YOUR GOAL
Whenever a line in the entries includes the word "High", copy that line out.
^^^^^^^^
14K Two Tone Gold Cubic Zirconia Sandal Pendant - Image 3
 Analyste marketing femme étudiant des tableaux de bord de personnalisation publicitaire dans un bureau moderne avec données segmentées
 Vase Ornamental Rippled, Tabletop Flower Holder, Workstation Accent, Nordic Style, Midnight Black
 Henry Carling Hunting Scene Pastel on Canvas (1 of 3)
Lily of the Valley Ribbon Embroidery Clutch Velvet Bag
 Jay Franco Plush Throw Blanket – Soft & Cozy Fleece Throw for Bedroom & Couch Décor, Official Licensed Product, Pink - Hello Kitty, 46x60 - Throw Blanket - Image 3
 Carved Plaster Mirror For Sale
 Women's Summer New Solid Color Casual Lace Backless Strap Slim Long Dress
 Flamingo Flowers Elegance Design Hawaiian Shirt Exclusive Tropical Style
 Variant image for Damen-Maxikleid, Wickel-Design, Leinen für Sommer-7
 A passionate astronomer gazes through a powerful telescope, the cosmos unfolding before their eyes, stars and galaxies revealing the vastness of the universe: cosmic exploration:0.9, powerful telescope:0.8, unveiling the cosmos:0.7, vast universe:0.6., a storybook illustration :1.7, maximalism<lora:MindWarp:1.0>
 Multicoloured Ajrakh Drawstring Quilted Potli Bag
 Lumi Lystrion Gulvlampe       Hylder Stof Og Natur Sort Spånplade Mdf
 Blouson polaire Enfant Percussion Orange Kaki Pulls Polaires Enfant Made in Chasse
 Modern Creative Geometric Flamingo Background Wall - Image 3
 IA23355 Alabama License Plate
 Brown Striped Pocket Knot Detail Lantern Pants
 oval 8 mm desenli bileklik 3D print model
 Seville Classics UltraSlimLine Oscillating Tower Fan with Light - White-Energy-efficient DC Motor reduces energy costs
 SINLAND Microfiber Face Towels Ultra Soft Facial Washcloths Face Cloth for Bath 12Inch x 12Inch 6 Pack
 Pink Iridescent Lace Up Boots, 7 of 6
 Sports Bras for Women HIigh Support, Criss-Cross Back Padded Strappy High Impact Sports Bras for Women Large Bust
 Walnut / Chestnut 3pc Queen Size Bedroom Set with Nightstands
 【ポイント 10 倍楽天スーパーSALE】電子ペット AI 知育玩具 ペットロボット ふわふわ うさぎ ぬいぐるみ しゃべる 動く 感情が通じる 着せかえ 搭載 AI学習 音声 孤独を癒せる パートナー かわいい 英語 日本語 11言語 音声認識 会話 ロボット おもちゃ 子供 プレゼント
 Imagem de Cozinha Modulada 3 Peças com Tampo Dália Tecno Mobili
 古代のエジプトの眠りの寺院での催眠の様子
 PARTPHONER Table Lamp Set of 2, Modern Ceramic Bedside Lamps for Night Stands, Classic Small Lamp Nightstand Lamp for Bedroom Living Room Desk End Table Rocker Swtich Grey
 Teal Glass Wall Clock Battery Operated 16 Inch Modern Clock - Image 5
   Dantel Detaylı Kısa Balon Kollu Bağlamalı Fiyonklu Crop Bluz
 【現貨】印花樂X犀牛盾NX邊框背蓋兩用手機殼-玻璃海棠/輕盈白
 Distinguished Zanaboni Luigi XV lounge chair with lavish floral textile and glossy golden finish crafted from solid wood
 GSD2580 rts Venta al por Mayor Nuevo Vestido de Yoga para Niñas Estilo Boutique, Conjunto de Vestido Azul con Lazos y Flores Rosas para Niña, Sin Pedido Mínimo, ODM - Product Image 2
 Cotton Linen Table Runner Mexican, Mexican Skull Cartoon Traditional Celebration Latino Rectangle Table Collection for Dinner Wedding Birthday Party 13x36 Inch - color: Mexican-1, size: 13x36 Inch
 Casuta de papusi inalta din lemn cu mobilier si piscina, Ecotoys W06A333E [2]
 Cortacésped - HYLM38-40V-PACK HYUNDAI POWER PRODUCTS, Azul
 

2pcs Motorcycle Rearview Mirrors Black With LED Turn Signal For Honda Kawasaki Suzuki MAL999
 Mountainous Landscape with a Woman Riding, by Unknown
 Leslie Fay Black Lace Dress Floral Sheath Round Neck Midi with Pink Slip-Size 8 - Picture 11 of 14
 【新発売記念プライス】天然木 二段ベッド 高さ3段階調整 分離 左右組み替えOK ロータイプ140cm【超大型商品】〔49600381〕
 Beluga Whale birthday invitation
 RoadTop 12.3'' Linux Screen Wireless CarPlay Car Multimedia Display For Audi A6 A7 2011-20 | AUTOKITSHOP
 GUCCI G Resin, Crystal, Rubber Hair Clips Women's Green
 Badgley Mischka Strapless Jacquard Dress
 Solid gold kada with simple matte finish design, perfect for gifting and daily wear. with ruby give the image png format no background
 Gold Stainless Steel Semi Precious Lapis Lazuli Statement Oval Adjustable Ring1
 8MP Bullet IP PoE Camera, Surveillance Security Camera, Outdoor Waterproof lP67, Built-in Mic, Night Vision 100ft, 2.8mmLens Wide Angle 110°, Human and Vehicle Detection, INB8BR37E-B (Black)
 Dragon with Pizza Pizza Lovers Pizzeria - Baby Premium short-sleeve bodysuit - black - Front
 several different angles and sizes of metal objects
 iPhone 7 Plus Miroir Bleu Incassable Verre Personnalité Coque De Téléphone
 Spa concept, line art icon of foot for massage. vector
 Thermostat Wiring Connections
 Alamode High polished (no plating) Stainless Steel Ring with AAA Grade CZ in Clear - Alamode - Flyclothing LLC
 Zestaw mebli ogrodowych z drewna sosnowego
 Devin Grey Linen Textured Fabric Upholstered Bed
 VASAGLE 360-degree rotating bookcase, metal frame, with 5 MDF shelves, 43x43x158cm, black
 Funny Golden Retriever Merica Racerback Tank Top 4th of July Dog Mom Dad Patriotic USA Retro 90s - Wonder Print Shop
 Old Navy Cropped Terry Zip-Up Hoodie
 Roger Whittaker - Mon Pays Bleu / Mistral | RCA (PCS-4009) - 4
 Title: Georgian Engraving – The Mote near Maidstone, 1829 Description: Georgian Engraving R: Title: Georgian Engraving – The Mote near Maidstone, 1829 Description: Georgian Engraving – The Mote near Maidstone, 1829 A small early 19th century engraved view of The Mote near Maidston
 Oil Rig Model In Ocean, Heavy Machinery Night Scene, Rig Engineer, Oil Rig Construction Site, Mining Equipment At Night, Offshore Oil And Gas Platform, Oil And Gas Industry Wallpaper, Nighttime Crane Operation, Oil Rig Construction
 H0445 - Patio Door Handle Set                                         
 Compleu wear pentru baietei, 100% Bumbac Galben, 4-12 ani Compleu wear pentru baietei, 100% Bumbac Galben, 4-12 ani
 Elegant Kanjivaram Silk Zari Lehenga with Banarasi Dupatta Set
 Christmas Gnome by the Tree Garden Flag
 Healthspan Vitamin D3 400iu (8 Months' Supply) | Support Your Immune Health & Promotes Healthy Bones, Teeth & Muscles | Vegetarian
^^^^^^^^
TASK SOLUTION
 Sports Bras for Women HIigh Support, Criss-Cross Back Padded Strappy High Impact Sports Bras for Women Large Bust
 Alamode High polished (no plating) Stainless Steel Ring with AAA Grade CZ in Clear - Alamode - Flyclothing LLC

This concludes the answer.